# Epoxy Resin vs Casting Resin HELP!



## Johnturner (Dec 29, 2020)

I an confused (surprise, surprise) Is there a difference between casting and epoxy resin? I want to cast some small items then turn them.
Do both resin need a pressure pot? After pouring what temp should the unit be kept at? How long before it is hard?
I know a lot of questions - Be kind and know that there is no such thing as overexplaining.
Thanks


----------



## TimR (Dec 30, 2020)

John, I think epoxy resin like Amazing Clear cast is a good start. No need to pull vacuum on A or B, and no pressure pot needed. Cures enough to demold overnight but best leaving cure for 2 days min before turning.
The other popular product is Alumilite Clear, however it is best to both pull vacuum on both parts and cure overnight in pressure pot.
Theres also a polyester resin (silmar something or other) and it’s similar to the epoxy in not needing pressure pot:
. I would still recommend using pressure pot if it will fit, as it will help reduce size of small bubbles If present.

Reactions: Informative 1


----------



## Wildthings (Dec 30, 2020)

Johnturner said:


> I an confused (surprise, surprise) Is there a difference between casting and epoxy resin? I want to cast some small items then turn them.
> Do both resin need a pressure pot? After pouring what temp should the unit be kept at? How long before it is hard?
> I know a lot of questions - Be kind and know that there is no such thing as overexplaining.
> Thanks


What do you mean by a small item? What kind of item? Pen blanks? Are you just pouring resin or are you embedding something in it


----------



## Don Van Dyne (Dec 30, 2020)

Hi John, not sure if you got the answers your looking for but I ran across this and thought I would put in my 2 cents. I started much the same way it seems you are with lots of questions. Been stabilizing and casting for a little over 2 years now and here’s how I do it.
I saw your previous post about the HF pressure pot so I’m going to assume you are planning on using it, I would highly recommend using pressure vs non pressure casting. Also, I’m my experience there is no need to go over 50 lbs. I’ve never had visible bubbles in a casting and I never go over 50. 
there are many epoxies and resins, the most consistent easy to achieve results I’ve had is with Alumilite Clear Slow. It’s all I use now. It’s does require pressure. You’ll have about 10 - 12 mins of open working time after mixing part A and part B by weight (so you will need a gram scale) before you put it in the pot. At room temp you can usually pull it out in about 3 - 4 hours sometimes less. It takes more time after that to fully cure which you can speed up in an oven at 150 deg. For about 15 hours. Those details on Alumilite curing can be found all over the web or on the Alumilite site. Probably the most important thing to remember is that Alumilite and moisture DO NOT go together. Your wood should be 100% dry. Another thing I’ve learned the hard way is to make sure you don’t introduce moisture into your casting with the air compressor when filling the pressure pot!
Vacuum chambers are used for stabilizing wood (and other materials).

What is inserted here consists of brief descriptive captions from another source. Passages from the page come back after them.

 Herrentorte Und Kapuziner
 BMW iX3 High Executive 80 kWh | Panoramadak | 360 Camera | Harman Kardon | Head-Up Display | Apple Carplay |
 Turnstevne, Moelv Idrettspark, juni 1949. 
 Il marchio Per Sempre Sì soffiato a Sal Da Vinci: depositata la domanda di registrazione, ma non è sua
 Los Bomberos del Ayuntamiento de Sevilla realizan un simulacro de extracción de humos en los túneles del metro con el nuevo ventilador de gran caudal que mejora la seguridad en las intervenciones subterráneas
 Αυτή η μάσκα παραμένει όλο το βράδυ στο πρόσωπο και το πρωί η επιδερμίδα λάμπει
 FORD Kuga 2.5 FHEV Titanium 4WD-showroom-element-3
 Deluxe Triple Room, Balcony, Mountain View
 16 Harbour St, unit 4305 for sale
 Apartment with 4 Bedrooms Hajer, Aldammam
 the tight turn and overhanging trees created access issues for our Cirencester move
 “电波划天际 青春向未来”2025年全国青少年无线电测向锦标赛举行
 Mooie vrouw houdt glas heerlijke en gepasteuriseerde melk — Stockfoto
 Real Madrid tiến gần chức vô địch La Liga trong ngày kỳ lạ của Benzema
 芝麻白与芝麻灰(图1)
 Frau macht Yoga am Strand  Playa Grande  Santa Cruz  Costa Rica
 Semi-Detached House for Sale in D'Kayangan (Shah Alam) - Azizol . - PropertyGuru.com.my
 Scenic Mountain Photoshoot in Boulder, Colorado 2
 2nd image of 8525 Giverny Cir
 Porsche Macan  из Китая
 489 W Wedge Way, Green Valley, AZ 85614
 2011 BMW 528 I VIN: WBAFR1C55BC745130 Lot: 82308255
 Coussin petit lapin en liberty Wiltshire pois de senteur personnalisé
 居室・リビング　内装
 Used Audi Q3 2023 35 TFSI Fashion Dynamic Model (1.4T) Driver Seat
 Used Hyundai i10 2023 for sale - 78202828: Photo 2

You probably know much more about wood than I do so I won’t go in to which woods need stabilized before casting and so on. If you want to stabilize the best source for info is the TurnTex web site. You can buy everything you need and the Q&A section will answer just about any question you have with stabilizing and casting. GREAT resource!
Hope this helped, you are welcome to message me with any questions and help where I can!
Good luck if you decide to go down this road. I have found it to be the most rewarding hobby I’ve ever had. 
Don.

Reactions: Like 1 | Great Post 1 | Informative 1


----------



## BangleGuy (Dec 30, 2020)

Don Van Dyne said:


> Hi John, not sure if you got the answers your looking for but I ran across this and thought I would put in my 2 cents. I started much the same way it seems you are with lots of questions. Been stabilizing and casting for a little over 2 years now and here’s how I do it.
> I saw your previous post about the HF pressure pot so I’m going to assume you are planning on using it, I would highly recommend using pressure vs non pressure casting. Also, I’m my experience there is no need to go over 50 lbs. I’ve never had visible bubbles in a casting and I never go over 50.
> there are many epoxies and resins, the most consistent easy to achieve results I’ve had is with Alumilite Clear Slow. It’s all I use now. It’s does require pressure. You’ll have about 10 - 12 mins of open working time after mixing part A and part B by weight (so you will need a gram scale) before you put it in the pot. At room temp you can usually pull it out in about 3 - 4 hours sometimes less. It takes more time after that to fully cure which you can speed up in an oven at 150 deg. For about 15 hours. Those details on Alumilite curing can be found all over the web or on the Alumilite site. Probably the most important thing to remember is that Alumilite and moisture DO NOT go together. Your wood should be 100% dry. Another thing I’ve learned the hard way is to make sure you don’t introduce moisture into your casting with the air compressor when filling the pressure pot!
> Vacuum chambers are used for stabilizing wood (and other materials). You probably know much more about wood than I do so I won’t go in to which woods need stabilized before casting and so on. If you want to stabilize the best source for info is the TurnTex web site. You can buy everything you need and the Q&A section will answer just about any question you have with stabilizing and casting. GREAT resource!
> ...


Good advice all around. No moisture, 50 psi is good, Alumilite is a great product. I would let the epoxy cure for 12 hours in the pot under pressure - just in case. I have had issues with shorter cycle times on highly porous materials.

Reactions: Like 1 | Thank You! 1 | Informative 1


----------



## Johnturner (Jan 1, 2021)

All helpful responses - What I am planning on is to mix some small colorful items, unknown items, and cast them in a block to be turned down. (See Nick Zammeti on You Tube). Thanks again
John

Reactions: Thank You! 1


----------



## Don Van Dyne (Jan 1, 2021)

Sounds fun! This guy also does a lot of that I have enjoyed some of his videos.


https://youtube.com/c/ThePohlBarnProjects


----------